Git Product home page Git Product logo

mlpp's Introduction

ML++

Machine learning is a vast and exiciting discipline, garnering attention from specialists of many fields. Unfortunately, for C++ programmers and enthusiasts, there appears to be a lack of support in the field of machine learning. To fill that void and give C++ a true foothold in the ML sphere, this library was written. The intent with this library is for it to act as a crossroad between low-level developers and machine learning engineers.

Installation

Begin by downloading the header files for the ML++ library. You can do this by cloning the repository and extracting the MLPP directory within it:

git clone https://github.com/novak-99/MLPP

Next, execute the "buildSO.sh" shell script:

sudo ./buildSO.sh

After doing so, maintain the ML++ source files in a local directory and include them in this fashion:

#include "MLPP/Stat/Stat.hpp" // Including the ML++ statistics module. 

int main(){
...
}

Finally, after you have concluded creating a project, compile it using g++:

g++ main.cpp /usr/local/lib/MLPP.so --std=c++17

Usage

Please note that ML++ uses the std::vector<double> data type for emulating vectors, and the std::vector<std::vector<double>> data type for emulating matrices.

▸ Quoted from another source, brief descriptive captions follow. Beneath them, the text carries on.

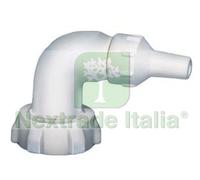 5PZ CURVA IMBOTTIGLIAMENTO IN NYLON Ø MM.25, FILETTO M 37X3: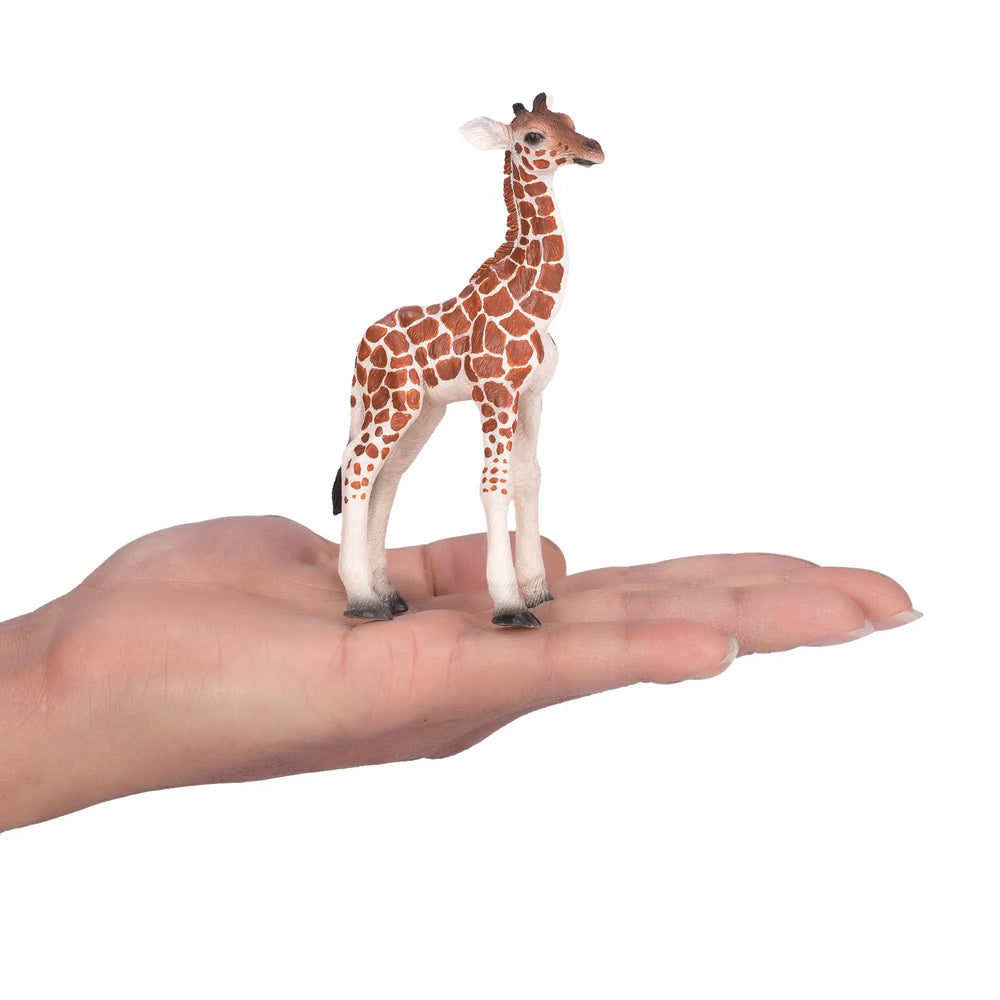 Girafføl legetøjsfigur 6,7 cm – realistisk plastikdyr til børn 3+ år, fri for ftalater – Mojo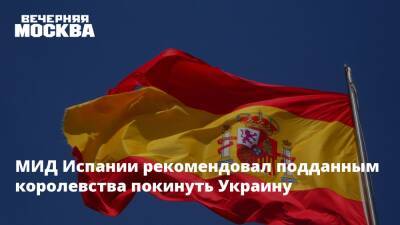 Мария Захарова - МИД Испании рекомендовал подданным королевства покинуть Украину - vm.ru - Россия - Украина - Киев - Англия - Бельгия - Испания - Латвия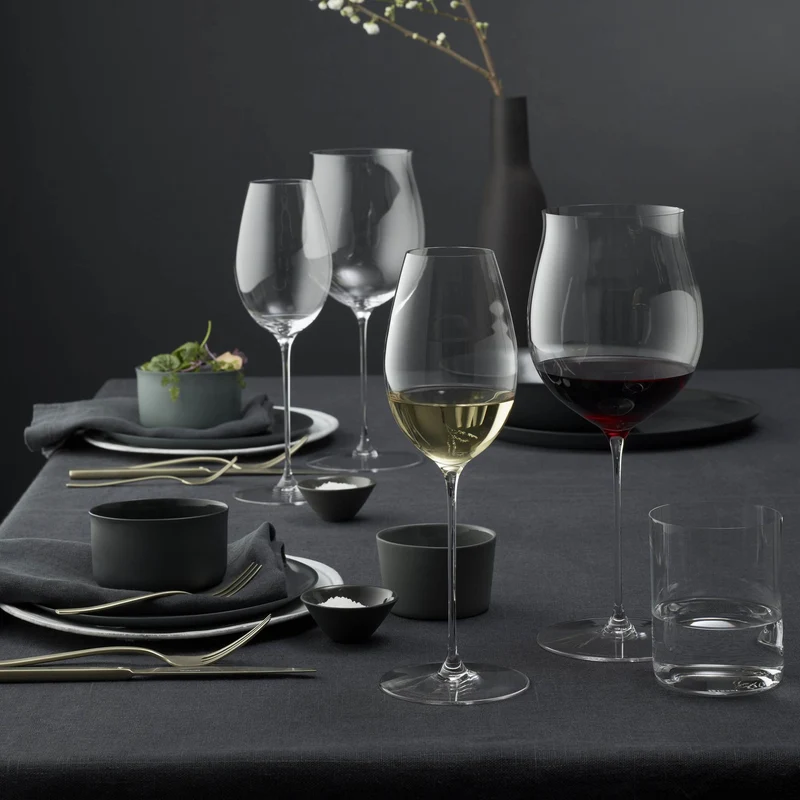 Ensemble de verres à vin Riedel Superleggero - Bordeaux Grand Cru, Burgundy Grand Cru, Riesling & Oaked Chardonnay - 4 pièces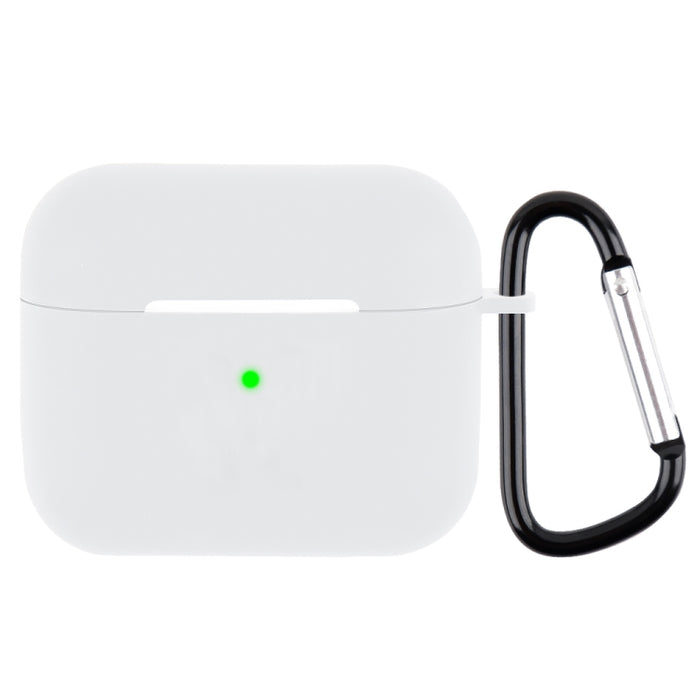 Funda protectora de silicona para auriculares inalámbricos con mosquetón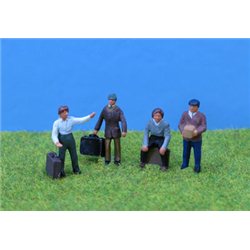 Painted People with Luggage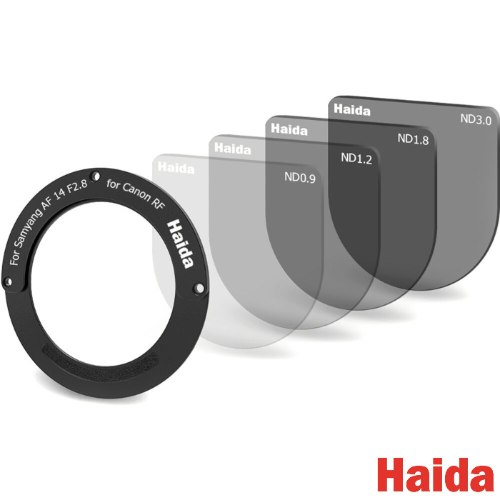 Haida Rear Lens ND Filter Kit for Samyang 14mm f/2.8 RF for Canon RF קיט פילטרים אחוריים כולל מתאם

Begin by including the respective header file of your choice.

#include "MLPP/LinReg/LinReg.hpp"

Next, instantiate an object of the class. Don't forget to pass the input set and output set as parameters.

LinReg model(inputSet, outputSet);

Afterwards, call the optimizer that you would like to use. For iterative optimizers such as gradient descent, include the learning rate, epoch number, and whether or not to utilize the UI panel.

model.gradientDescent(0.001, 1000, 0);

Great, you are now ready to test! To test a singular testing instance, utilize the following function:

model.modelTest(testSetInstance);

This will return the model's singular prediction for that example.

To test an entire test set, use the following function:

model.modelSetTest(testSet);

The result will be the model's predictions for the entire dataset.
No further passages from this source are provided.